Pencurian Model AI: Peretas Menargetkan Gemini dengan Serangan Cepat Massal

19

Google telah mengungkapkan lonjakan serangan siber canggih yang bertujuan mencuri kekayaan intelektual di balik model AI Gemini-nya. Serangan-serangan ini, yang disebut “serangan distilasi”, melibatkan musuh yang membanjiri sistem dengan puluhan ribu perintah AI untuk merekayasa balik kemampuannya.

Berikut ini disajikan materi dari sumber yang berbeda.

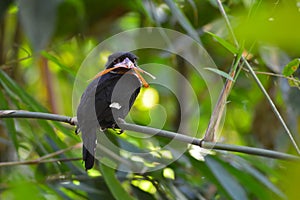 Dusky broadbill bird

Pencurian yang Disponsori Negara

Menurut laporan Threat Tracker Google, aktor utama di balik pencurian ini berasal dari Korea Utara, Rusia, dan Tiongkok. Tujuannya bukan untuk secara langsung merugikan pengguna, namun untuk mengkloning teknologi Gemini untuk digunakan dalam model AI lainnya – khususnya dalam bahasa selain bahasa Inggris. Hal ini mewakili tren yang lebih luas di mana aktor-aktor negara-bangsa mengeksploitasi AI untuk keuntungan strategis.

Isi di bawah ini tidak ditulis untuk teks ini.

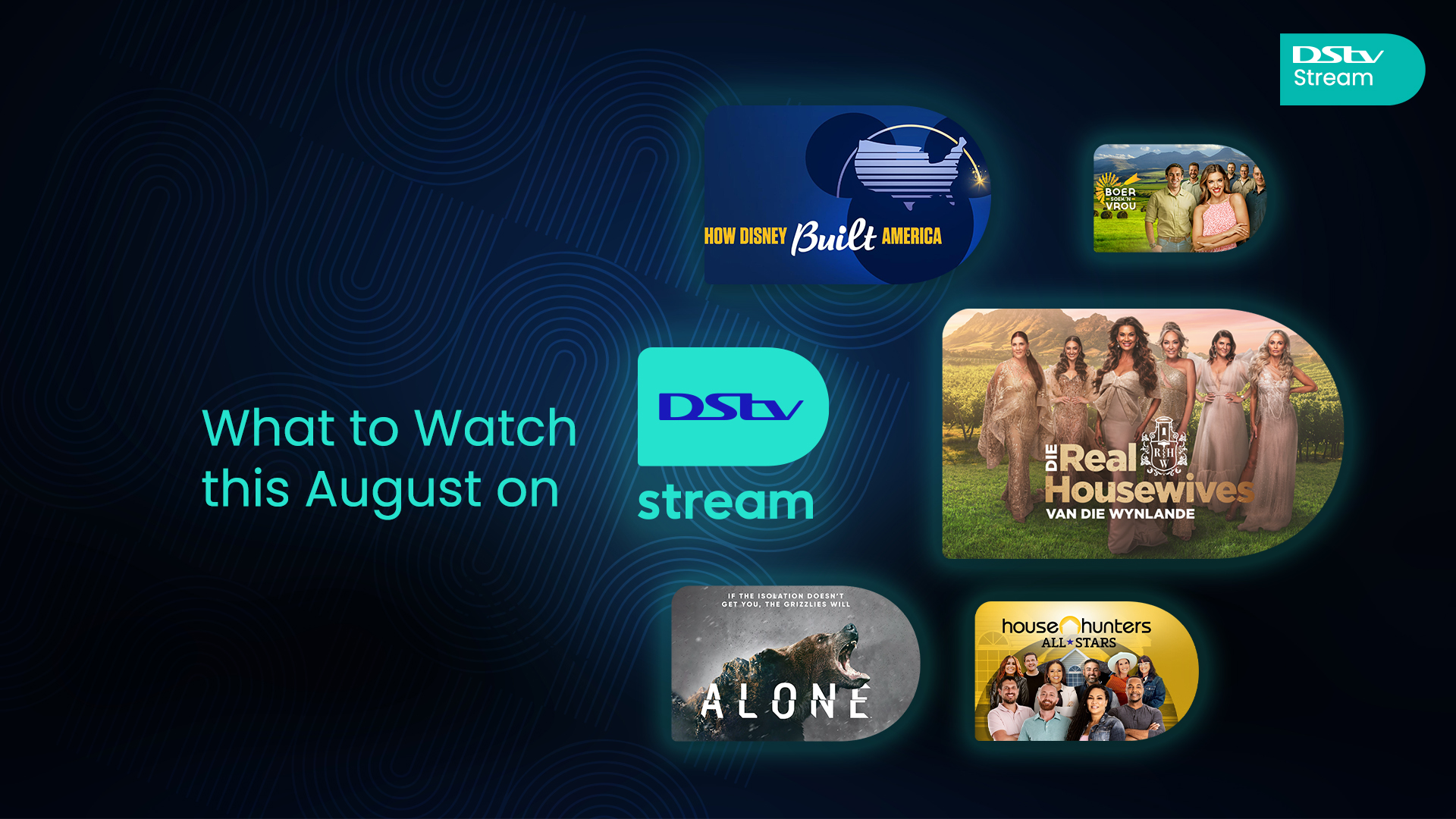 What to stream this August on DStv Compact Plus 2024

Cara Kerja Ekstraksi Model

Serangan ini mengeksploitasi teknik yang disebut ekstraksi model. Musuh memanfaatkan akses sah untuk menyelidiki sistem AI, dan secara sistematis mengumpulkan cukup data untuk melatih model replika. Google mencatat bahwa hal ini mirip dengan spionase industri, di mana pesaing mencuri rahasia dagang.

Perlombaan Senjata yang Berkembang

Insiden ini menyoroti meningkatnya persaingan dalam lanskap AI. Perusahaan seperti ByteDance (perusahaan induk TikTok) di Tiongkok dengan cepat mengembangkan alat AI yang canggih, menantang dominasi perusahaan-perusahaan AS. Tahun lalu, DeepSeek, perusahaan AI Tiongkok lainnya, merilis model yang menyaingi teknologi papan atas, sehingga memicu tuduhan pelanggaran kekayaan intelektual dari OpenAI.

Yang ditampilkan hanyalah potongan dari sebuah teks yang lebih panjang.